Folk drama of English farm life; Fen. Play by Caryl Churchill. Directed by Les Waters.
New York
As the audience assembles in Public/LuEsther Hall, the misty stage is occupied by a raggedly clad, barefoot boy who periodically shakes a clapper. The clapper is to scare crows away from the surrounding potato field. When the lights go up, the field is briefly occupied by a gentleman from Japan who extols the investment possibilities and beauties of ''the Engrish countryside.'' Thus does Caryl Churchill span a long-term evolution in the development of British agriculture. And thus does her folk play, ''Fen,'' begin.
The Churchill overview encompasses several generations in the history of the Fens (a rural area less than 100 miles north of London). The author interweaves accounts of the often drab and sometimes tragic experiences of typical country people with larger socioeconomic unfoldments as seen from a particular viewpoint. She alludes to such matters as the coming of unions, the mechanization of agriculture, and the transfer of farmland from individual ownership to corporate control. The result is a fascinating mosaic in theatrical terms.

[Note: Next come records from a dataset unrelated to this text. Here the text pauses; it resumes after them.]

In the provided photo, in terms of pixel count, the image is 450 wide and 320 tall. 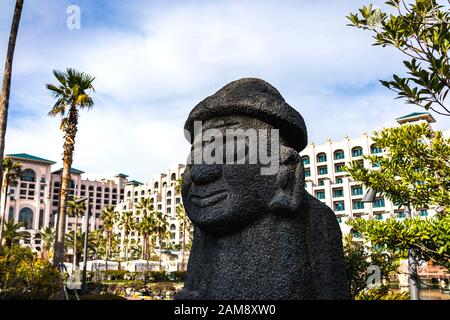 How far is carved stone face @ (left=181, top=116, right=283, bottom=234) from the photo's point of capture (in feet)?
13.2

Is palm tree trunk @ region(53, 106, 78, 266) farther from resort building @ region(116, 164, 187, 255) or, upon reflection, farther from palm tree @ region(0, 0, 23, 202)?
resort building @ region(116, 164, 187, 255)

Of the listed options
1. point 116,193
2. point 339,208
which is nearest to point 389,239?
point 339,208

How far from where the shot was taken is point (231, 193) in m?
4.07

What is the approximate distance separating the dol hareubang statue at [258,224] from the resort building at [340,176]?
152 ft

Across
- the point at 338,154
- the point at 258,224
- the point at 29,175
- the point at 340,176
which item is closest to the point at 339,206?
the point at 340,176

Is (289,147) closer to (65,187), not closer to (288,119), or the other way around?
(288,119)

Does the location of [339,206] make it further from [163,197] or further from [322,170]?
[163,197]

The play's tragic personal theme concerns a landworker named Val (Jennie Stoller) who leaves her family for an illicit affair with Frank (Bernard Strother), a local farm laborer. Miss Churchill relates the effects of the unhappy woman's decision on her two children (Amelda Brown and Linda Bassett), on Frank himself, and on the immediate community. Since members of London's Joint Stock Theatre Group, which produced ''Fen,'' spent time living in a fen village and talking with its people, their play is also a kind of anthropological study on a person-to-person level.
With the potato field and its soft earth as a visual constant, the play moves forward in a succession of vignettes: domestic scenes, a prayer meeting, a gleaner's wretched plight, a great-grandmother's tales, a pub encounter, a spectral aftermath. At one point all gossip and chitchat is drowned out by the momentary screech of overhead supersonic military jets.
The compelling power of ''Fen'' is due equally to the authenticity of its material, the skill with which the elements have been drawn together by Miss Churchill, and the performance of a remarkable troupe. Each member of the versatile company plays at least two parts, and, in most cases, as many as four.
Designer Annie Smart's many costumes are a great help pictorially. But the vitality and validity of the portrayals spring from a common denominator of shared understanding, caring observation, and perceptive insights.
In addition to those already mentioned, the fine Joint Stock Theatre Group cast includes Cecily Hobbs and Tricia Kelly. The performance directed by Les Waters (which ends Saturday) springs naturally from the topsoil with which Miss Smart has covered the stage of LuEsther Hall and which, when the mist rises, comes into clear perspective under Tom Donnellan's lighting.